6. Plaintiff and Defendant both market their services directly to ALFs.

(ECF No. 4 at CC, ¶ 22.) Though the resident is entitled to make the decision on

whom to retain as their provider, “being a facility’s ‘preferred provider’ plays a

significant role in the provider a resident chooses.” (Id.)

7. The State of North Carolina is the geographic market in which

Plaintiff and Defendant compete. (Id. at ¶¶ 23–25.) Plaintiff is the largest provider

of medical services to ALFs in North Carolina. (Id. at ¶ 4.) Plaintiff provides care

to residents in over 250 of the 593 ALFs in the North Carolina market, or approximately 42% of the ALFs. (Id. at ¶¶ 26–27.) Defendant alleges that the

ALFs to which Plaintiff provides care “are disproportionately larger facilities with

greater numbers of residents[,]” resulting in Plaintiff providing services to at least,

but likely more than, 42% of the total market share. (Id. at ¶ 27.)

A. The Wellington Park Lawsuit and Complaint to the NC Board of Nursing

8. From late 2016 until in or about January 2018, Plaintiff had a

preferred provider relationship with Wellington Park, an ALF in Kenansville, North

Carolina. (Id. at ¶¶ 47–51.) In December 2017, Defendant “began discussions with

Wellington Park to become the preferred provider at the facility.” (Id. at ¶ 51.) By

January 20, 2018, forty-seven of the sixty-five residents of Wellington Park had

executed written consent forms to transfer their medical care from Plaintiff to

Defendant. (Id. at ¶ 56.) Wellington Park informed Plaintiff that its residents

would transfer care to Defendant. (Id. at ¶ 54.)

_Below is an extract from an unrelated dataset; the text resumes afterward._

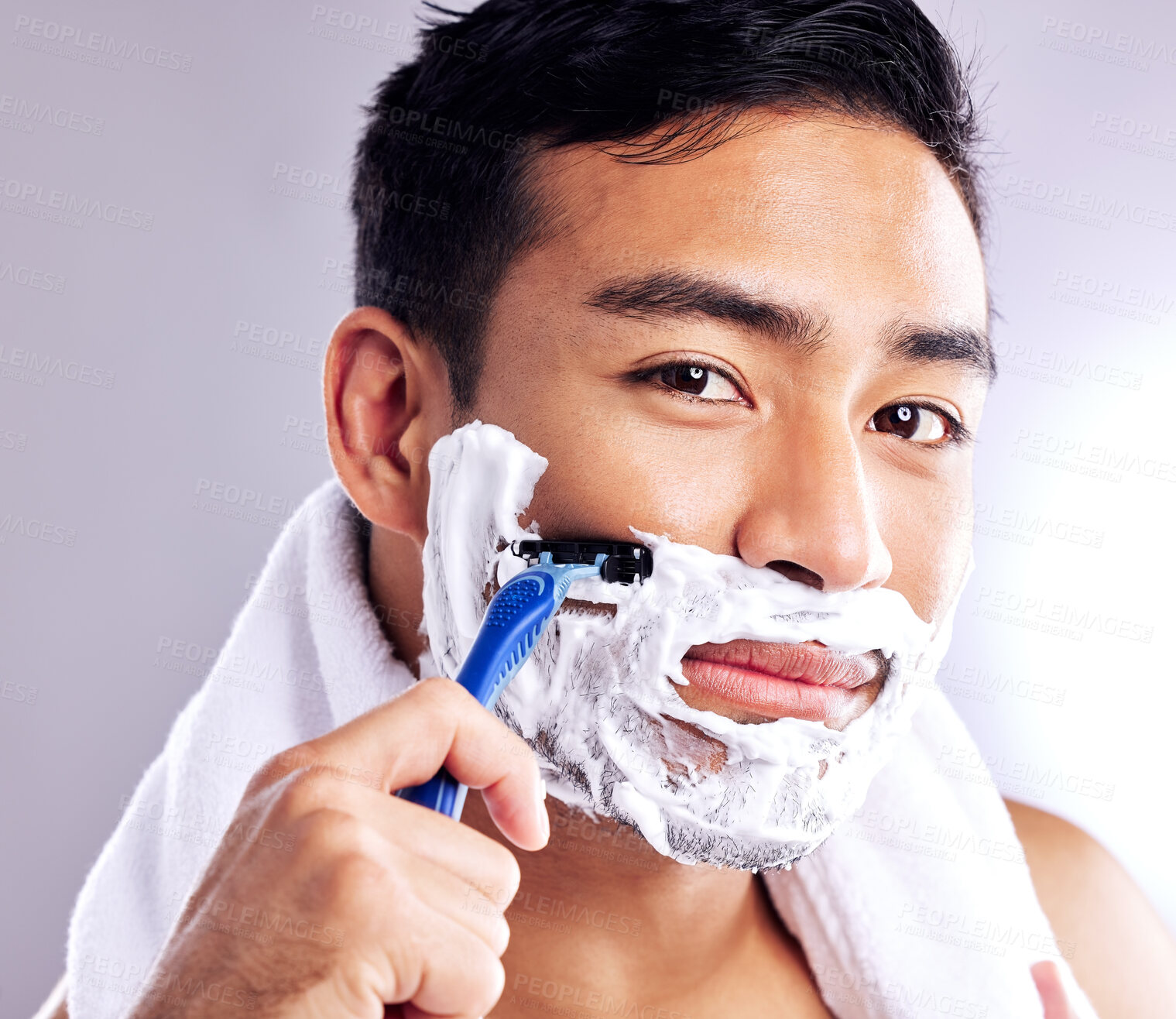 Buy stock photo Portrait, man and shaving face with razor in studio for cleaning, health or hair removal for hygiene isolated on white background. Cream, foam and model cut beard for skincare, grooming or beauty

9. In response, Plaintiff through its attorneys “sent threatening

communications to Wellington Park.” (Id. at ¶ 55.) Wellington Park provided

Plaintiff with documentation reflecting the residents’ choice to transfer their care.

(Id. at ¶ 57.) Nevertheless, on January 31, 2018, Plaintiff filed a lawsuit against

Defendant and Wellington Park alleging tortious interference with contract,

tortious interference with prospective contracts, civil conspiracy, and unfair and

deceptive trade practices in violation of the North Carolina Unfair or Deceptive

Trade Practices Act, G.S. § 75-1.1 (“UDTPA”), and seeking preliminary injunctive

relief (“Wellington Park Lawsuit”). (Id. at ¶ 57; Wellington Park Compl., ECF No. 4 at Ex. E.) In the Wellington Park Lawsuit, Plaintiff alleged that the residents

“lacked capacity to transfer their care.” (ECF No. 4 at CC, ¶ 58.)

10. On February 2, 2018, the Honorable Judge Allen Baddour entered a

Temporary Restraining Order (“TRO”) granting Plaintiff a “limited portion of the

relief it requested.” (Id. at ¶ 59; TRO, ECF No. 17.1 at Attach. 3.) The TRO

permitted Defendant to continue to provide care to those Wellington Park residents

to whom Defendant had already provided care as of February 2, 2018. (ECF No. 4

at CC, ¶ 59; ECF No. 17.1 at Attach. 3, p. 2.) For every resident who had not yet

been seen by Defendant as of February 2, 2018, “the Court required that a capacity

determination be made and documented by a medical professional.” (ECF No. 4 at

CC, ¶ 59.) The TRO stated that it would be effective until 5:00 p.m. on February 12,

2018, and required Plaintiff to post a bond in the amount of $1,000.00. (ECF No.